**WHAT YOU ARE ASKED TO DO**.
Instruction for the entries below: return the part that opens with the line containing "Миниатюра изображения сорта Мегатон" and closes with the line containing "Upright Colorado Spruce", exactly, and no pictures.

START SUPPLIED MATERIAL

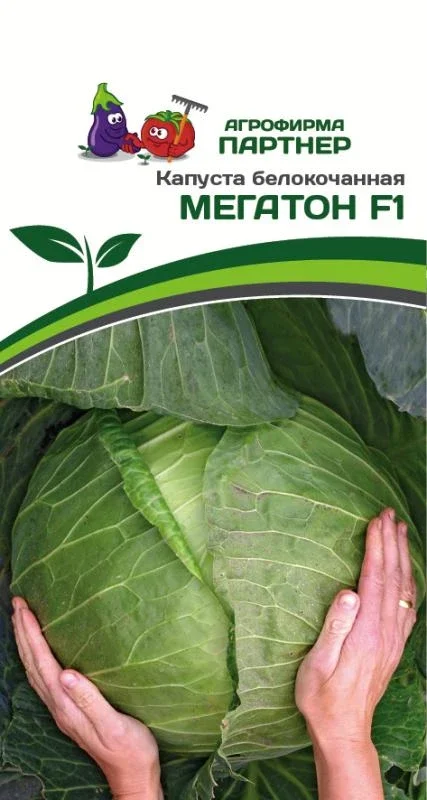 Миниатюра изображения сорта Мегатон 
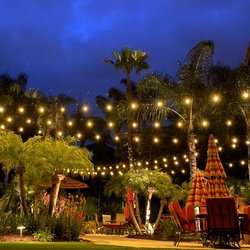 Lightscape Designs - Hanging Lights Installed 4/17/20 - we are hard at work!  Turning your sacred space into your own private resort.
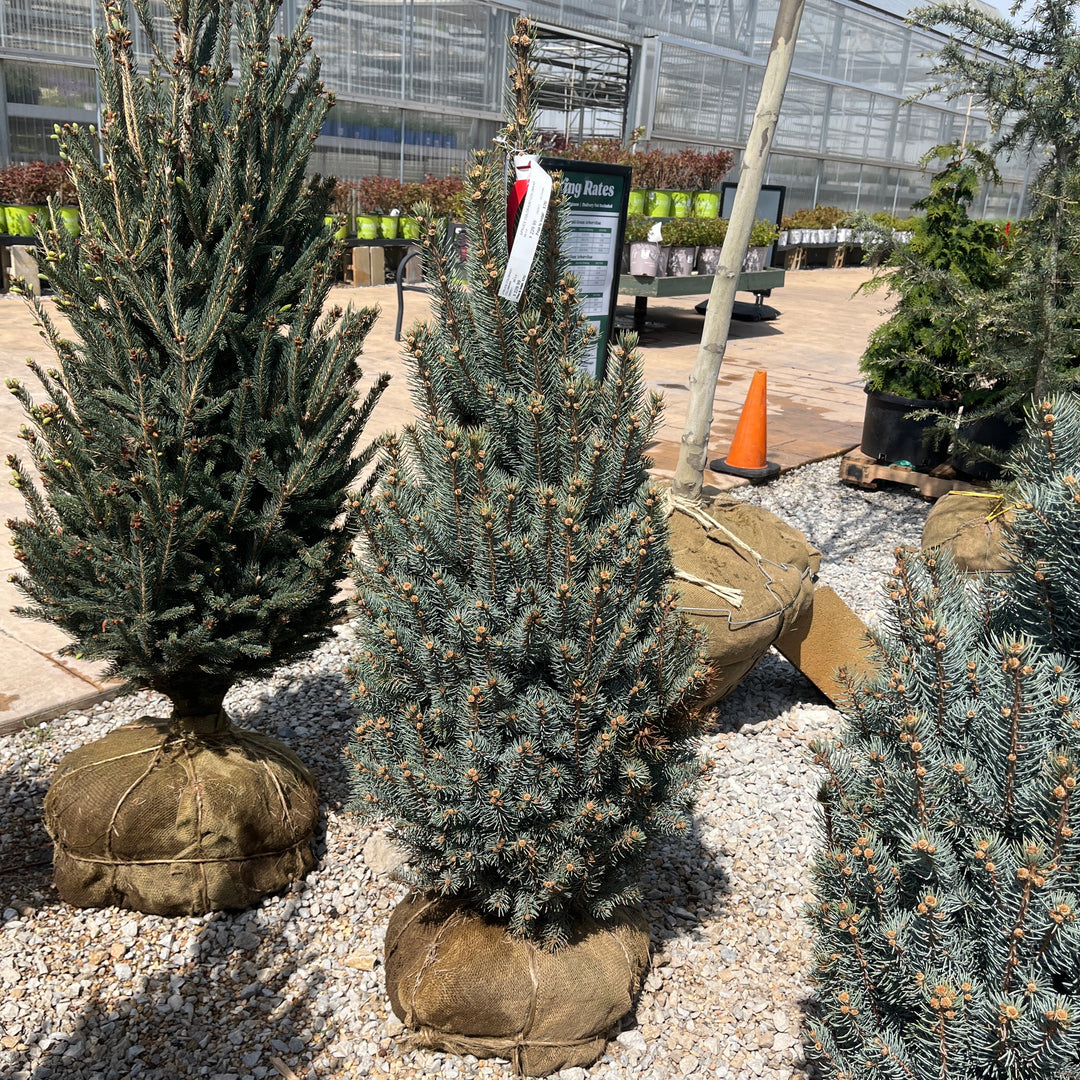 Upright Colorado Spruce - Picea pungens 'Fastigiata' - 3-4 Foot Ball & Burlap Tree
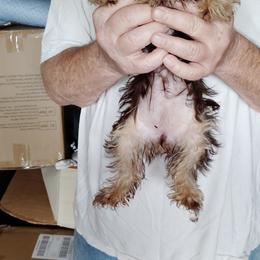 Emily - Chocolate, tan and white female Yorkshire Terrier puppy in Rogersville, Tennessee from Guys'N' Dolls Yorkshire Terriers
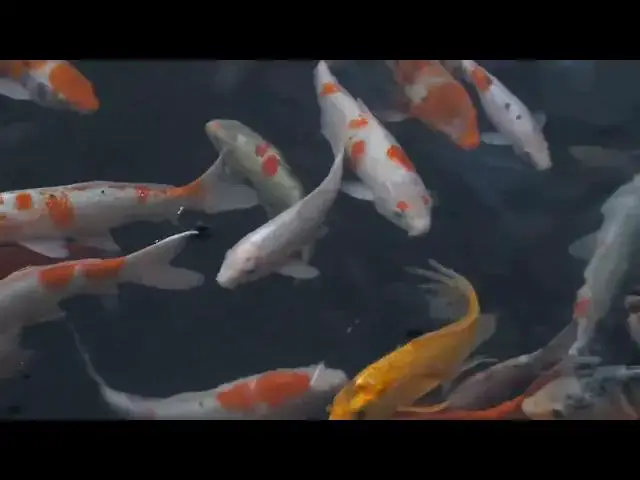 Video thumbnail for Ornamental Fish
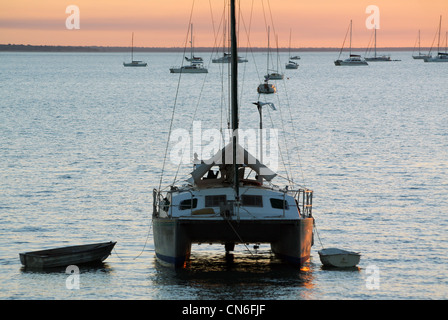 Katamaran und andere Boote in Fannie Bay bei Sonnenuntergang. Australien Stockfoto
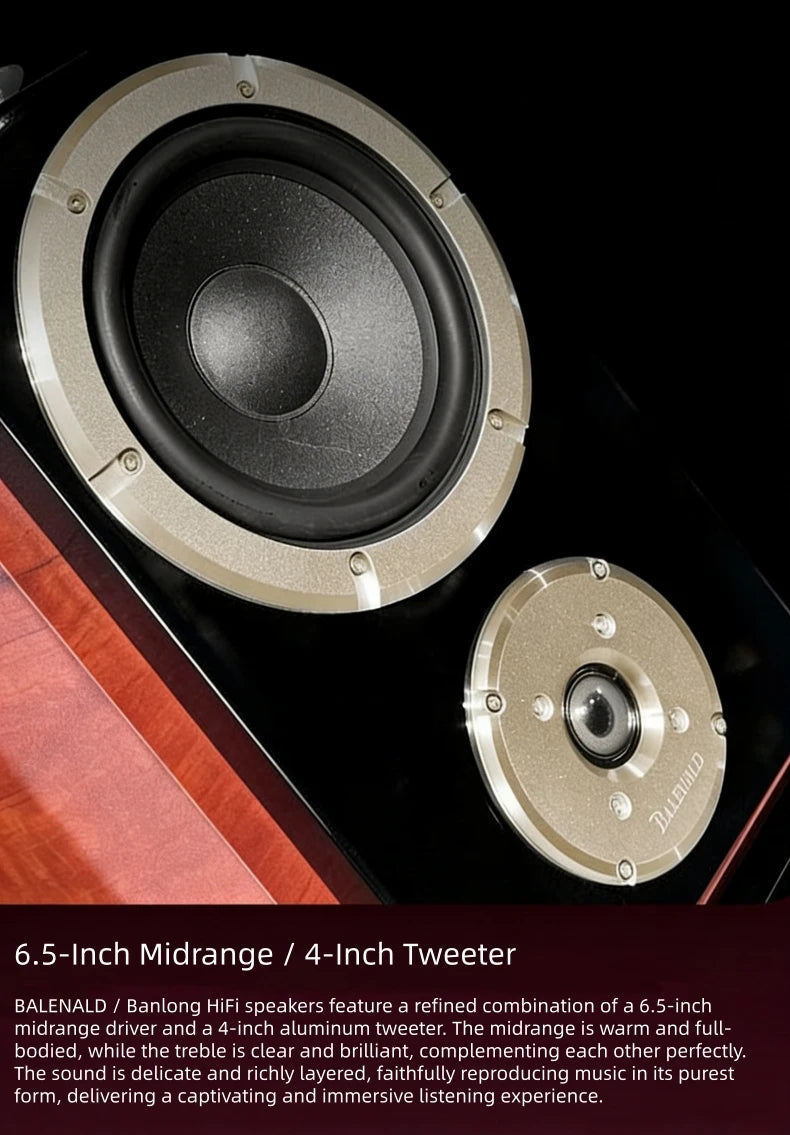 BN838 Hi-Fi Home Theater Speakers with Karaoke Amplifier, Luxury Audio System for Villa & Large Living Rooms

END SUPPLIED MATERIAL
START SUPPLIED MATERIAL

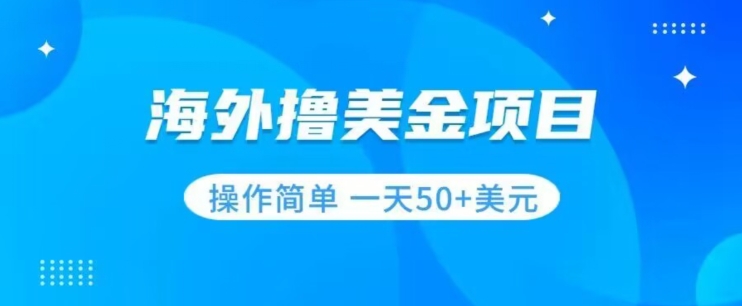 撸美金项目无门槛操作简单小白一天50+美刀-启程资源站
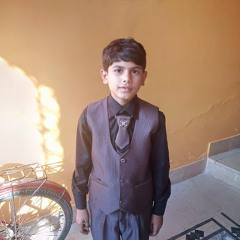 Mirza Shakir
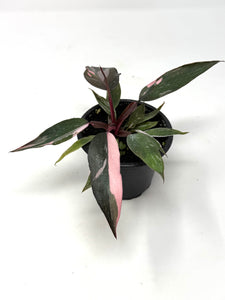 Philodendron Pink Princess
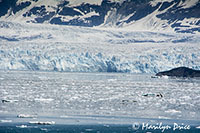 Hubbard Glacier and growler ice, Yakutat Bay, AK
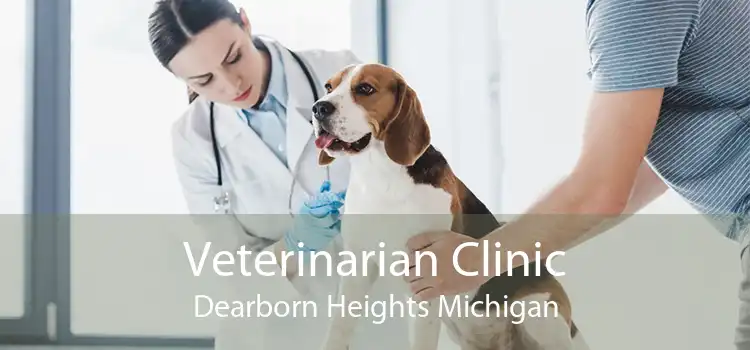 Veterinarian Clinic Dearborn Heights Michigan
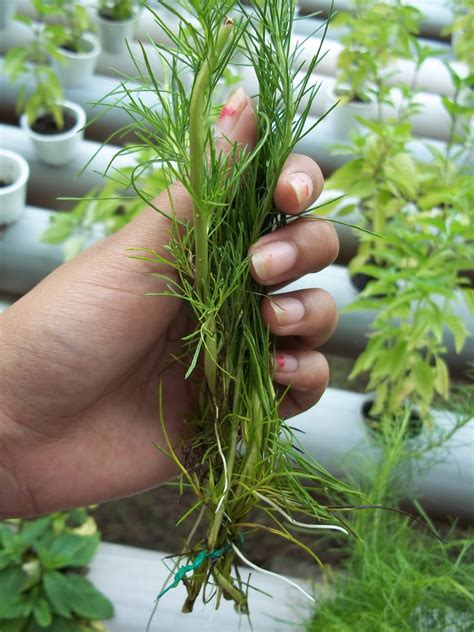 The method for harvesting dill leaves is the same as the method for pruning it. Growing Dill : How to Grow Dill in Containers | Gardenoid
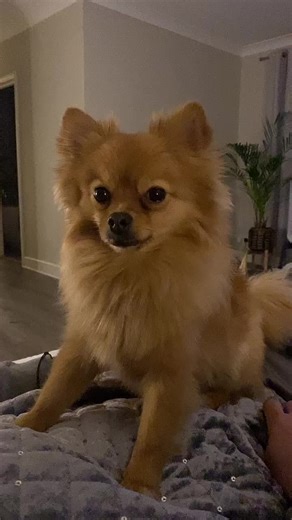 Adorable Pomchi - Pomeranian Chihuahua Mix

END SUPPLIED MATERIAL

**YOUR RESPONSE**.
 Миниатюра изображения сорта Мегатон 
 Lightscape Designs - Hanging Lights Installed 4/17/20 - we are hard at work!  Turning your sacred space into your own private resort.
 Upright Colorado Spruce - Picea pungens 'Fastigiata' - 3-4 Foot Ball & Burlap Tree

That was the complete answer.